1. If you work for the church, and are supposed to be the 'head' and spiritual guidance, you can not then ask your church or prayer when you are struggling with something. Because, your livelihood and income depends on them looking up to you and wanting to follow you. (That's a whole 'nother post waiting to happen)

2. You also can not really talk to other ministers, because lets face it, they gossip a lot more than most people, and if you're in that crowd you know it. Also, you need to protect your career and possible future opportunities, so if you have a secret that gets out, it might make things worse for your later.

3. Because of these first two causes, the result is you develop a plastic layer on the outside of your personality (and in my opinion soul) that reflects the "Godly" character that you are expected to portray. And in doing this, you have cauterized yourself into a lonely, self-loathing box that unless you continue to 'fake it' you can not escape from.

I realize that many of you may not have experienced the dark evil underbelly of the major machine of ministry. But, let me assure you, it is real. And it is well oiled and ready for action every Sunday.

I do not fault the pastors and lay ministers that get caught up in this cycle with 100% of the blame for this tragedy. They are just a much, if not more, the victims of this wretchedly repetitive cycle as the rest of us. The only difference is, they suffer in the quite serenity of an empty sanctuary each and every day while the rest of us go to work.

If we continue to "fake" it, then do we ever really ever "make" it? Honestly, if the victory you receive is won by ill-gotten means, is it still a victory? Have you really won anything of value? I believe if we are to break the vicious cycle of vapid vanity in the church, then we must do away with the old thinking that sanctified is perfect. We, as sinful humans, though we are created in the image of God, are not gods ourselves, and even with the blood of Jesus, are still not perfect... So, why do we try to act like it?! If we really want to be the Body of Christ and minister to one another the way that Jesus intended for us to do...

We must embrace our weaknesses and be able to share them and work through them with fellow believers.

We must be willing to see that holy community is as important as holy communion. We are not islands in the ocean of faith. Without a strong connection to the body, no one part can survive.

We need one another to remain feed, strong, protected, connected, and most importantly... to grow.

We must also realize that being who the Lord has called us to be is not a destination to be reached... it is journey to be undertaken.

I realize that for most of us, the thought of changing the way we think about and look at church or ministry is unthinkable, even heretical.
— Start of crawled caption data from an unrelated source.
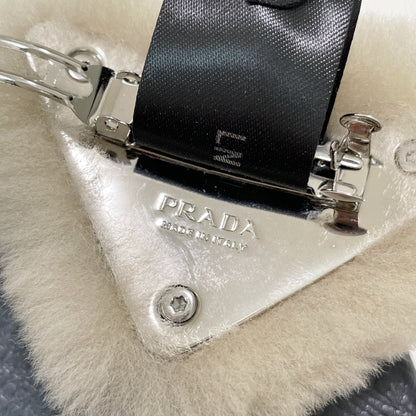 PRADA プラダ ヘアピン ヘアクリップ ヘアアクセサリー レディース ファー 可愛い 上品 おしゃれ アイボリー 新品未使用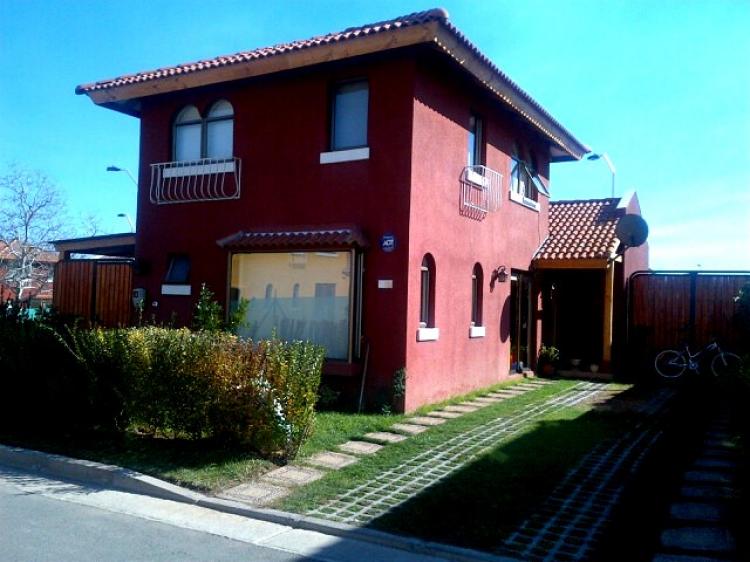 Foto Casa en Venta en Calle Larga, Los Andes - UFs 4.800 - CAV18076 - BienesOnLine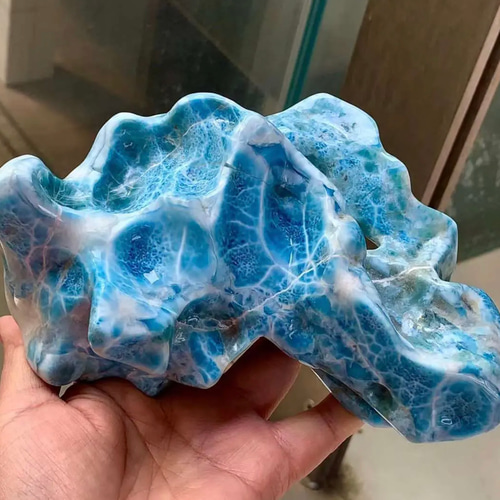 883.7g 天然無処理 ラリマー 置物(原石）※鑑賞台付き(木造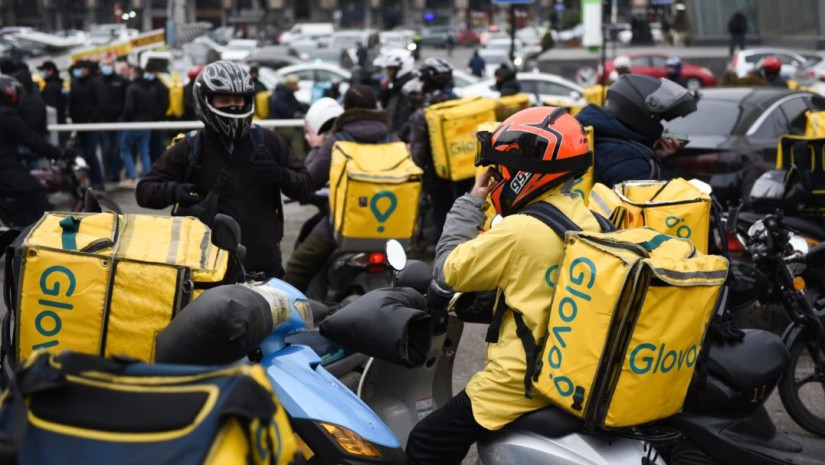 კურიერი გლოვო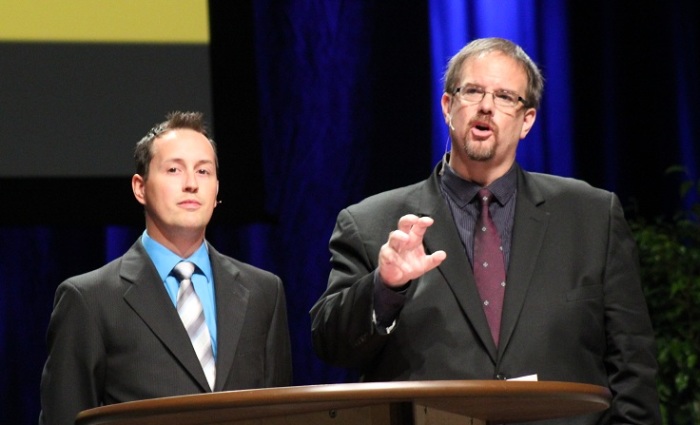 Ed Stetzer (right), vice president of Research and Ministry Development for LifeWay Christian Resources, speaks about The Gospel Project at the Southern Baptist Convention's 2012 Annual Meeting.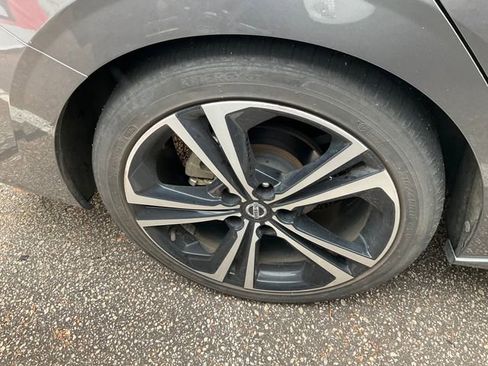 Used 2022 Nissan Sentra SR w/ SR Premium Package FWD image 12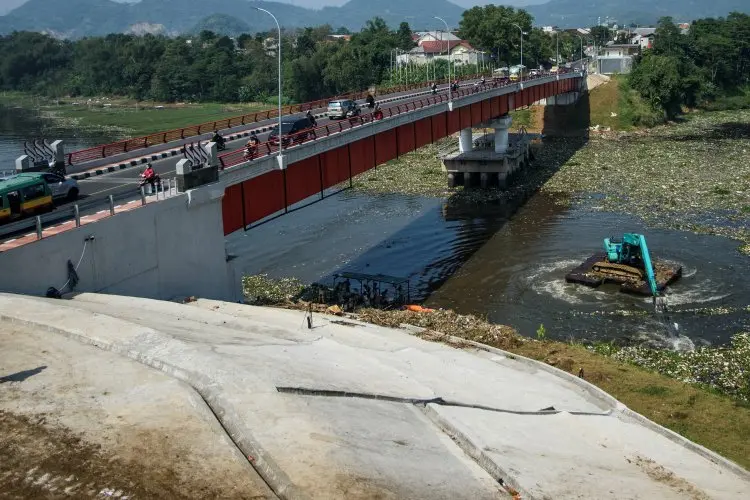 Pembersihan Sampah di Kawasan Jembatan BBS Batujajar Tuntas 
But, isn't that exactly what Jesus did? Should we not be constantly evaluating our thoughts, actions, motivations AND ministries to see if they are still in line with the Gospel and mission that Jesus left for us to do?

The point at which we hold our traditions and programs on equal level with the scriptures, we have become the pharisees of old, and have trans our faith into the very thing that Jesus died to abolish.

- Just a thought.


Mark Logan said...

Wow man, that's a tough pill to swallow. I've seen a lot of veteran church members that seem to ignore the fact that ALL have fallen short. And, no matter what ritual or ceremonial facade you put on, you're just as undeserving of salvation as the most seemingly holy person in the church. It is a gift. Being a follower of Christ is not a performance. I think it really is all about the journey. But too many people new to the church realize the same thing, but in an effort to remain seemingly holy, dismiss the feeling (maybe for fear of an appearance of having a lesser faith). We, as Christians, are not bound to another church members judgement of our life or holyness. It's not their opinion that matters.

Crystal said...

Oh, I like this one! Mainly because, for once, you aren't preaching at me! I do know exactly what you're talking about, though. I could list many family members who are or were in the ministry. Most of our family's friends (when I was growing up) were in the ministry. So I've seen the almost forced hypocrisy that comes along with these positions. It's sad, really, because so many ministers are really good people and love God, but they get caught in the struggle to be seen as holy and perfect and lose their humanity. Ultimately, this makes them ineffective and crippled. Quite the opposite of their goal, really. I love that the early disciples/apostles were very human -- that their flaws are recorded for all generations to see. Too bad we lose sight of the fact that we ALL need Christ and we ALL need encouragement and we ALL have issues in our lives we need help with once in a while. Even ministers and "lay" Christians.